-------- RECORDED INFORMATION --------

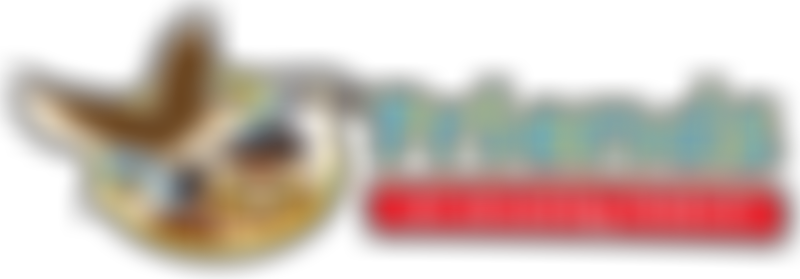 Friends Of Avening School | Charici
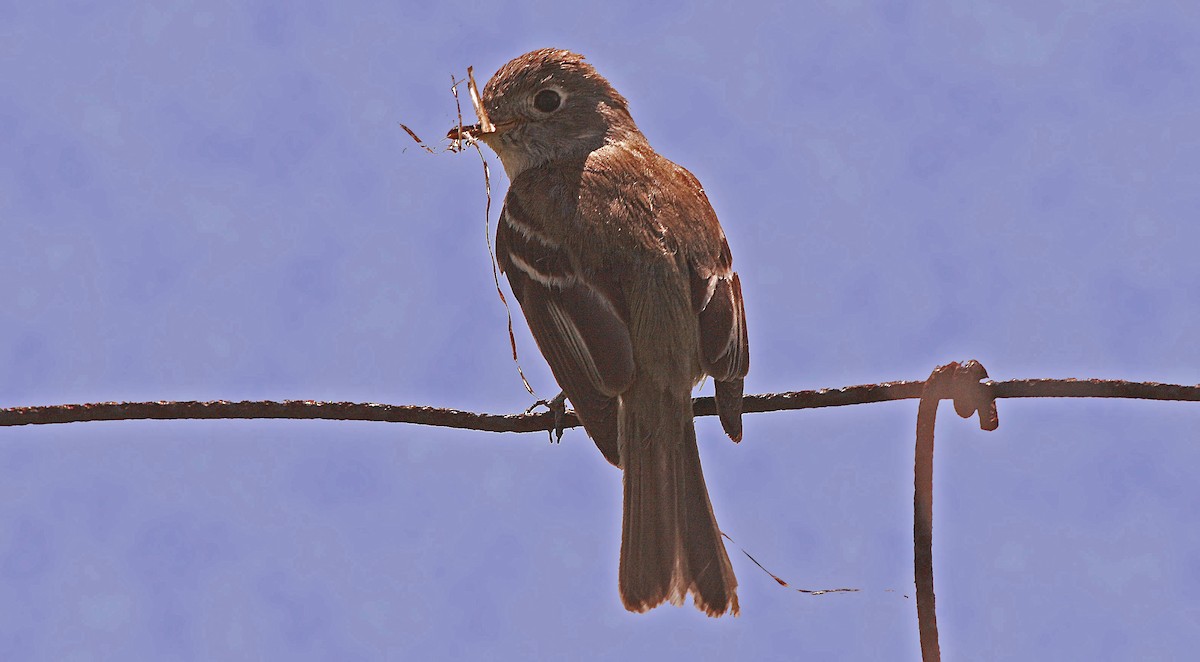 Alder Flycatcher - ML263698641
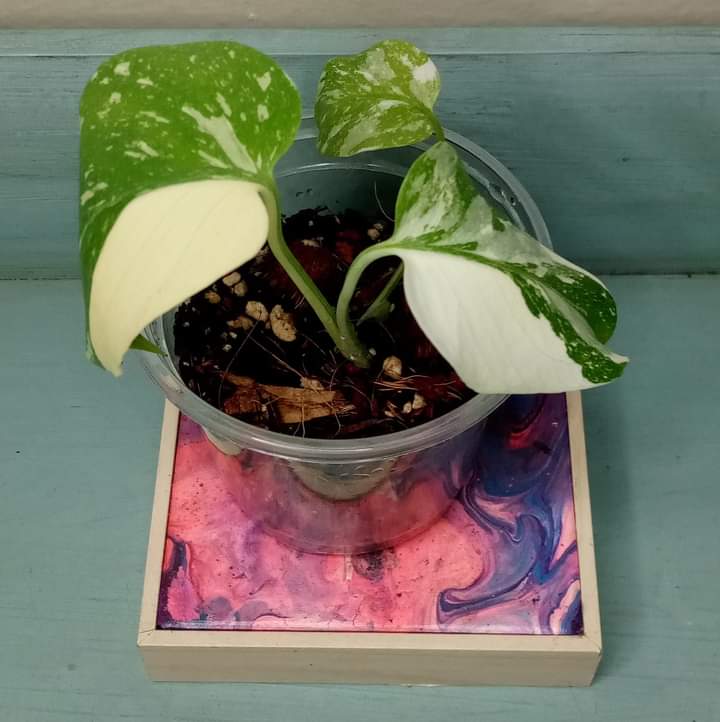 Zariya Evans Thai Con Starter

--------

## ACTIVITY
With the pictures set aside, return each line of the listing exactly as given.

## ANSWER TO THIS TASK
 Friends Of Avening School | Charici
 Alder Flycatcher - ML263698641
 Zariya Evans Thai Con Starter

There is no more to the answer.